> **What to produce**
Transcribe the listing exactly, leaving out every picture.

> **Data block**
▬▬▬▬▬▬
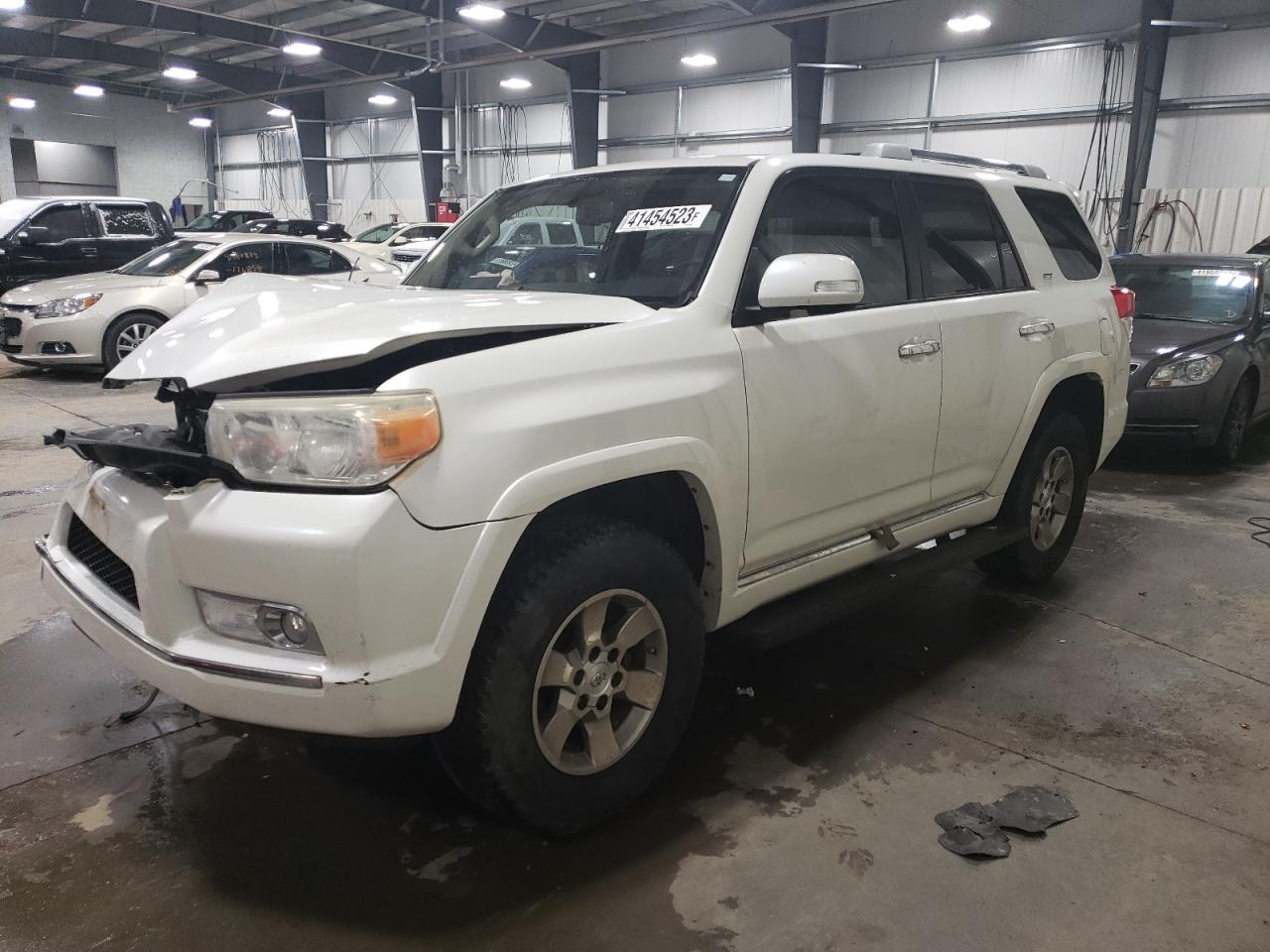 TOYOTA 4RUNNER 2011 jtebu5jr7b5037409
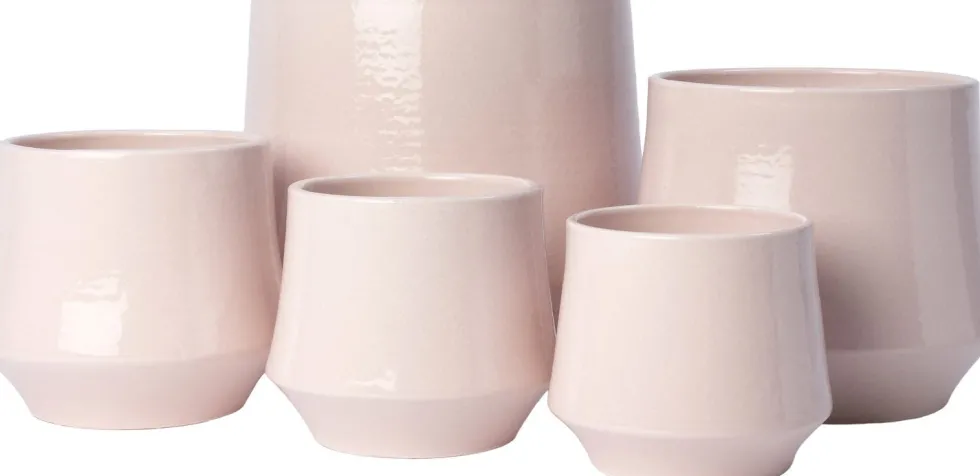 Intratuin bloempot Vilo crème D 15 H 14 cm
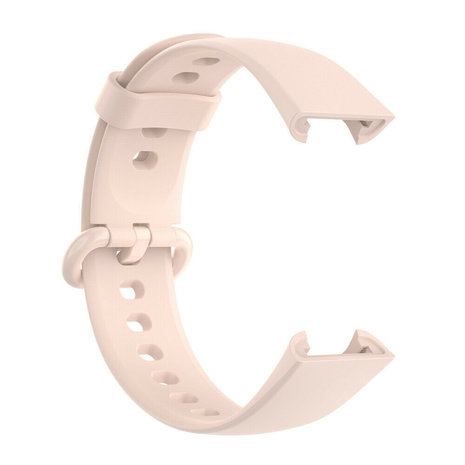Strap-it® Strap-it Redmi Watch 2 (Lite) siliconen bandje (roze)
▬▬▬▬▬▬
> **Finished exercise**
 TOYOTA 4RUNNER 2011 jtebu5jr7b5037409
 Intratuin bloempot Vilo crème D 15 H 14 cm
Strap-it® Strap-it Redmi Watch 2 (Lite) siliconen bandje (roze)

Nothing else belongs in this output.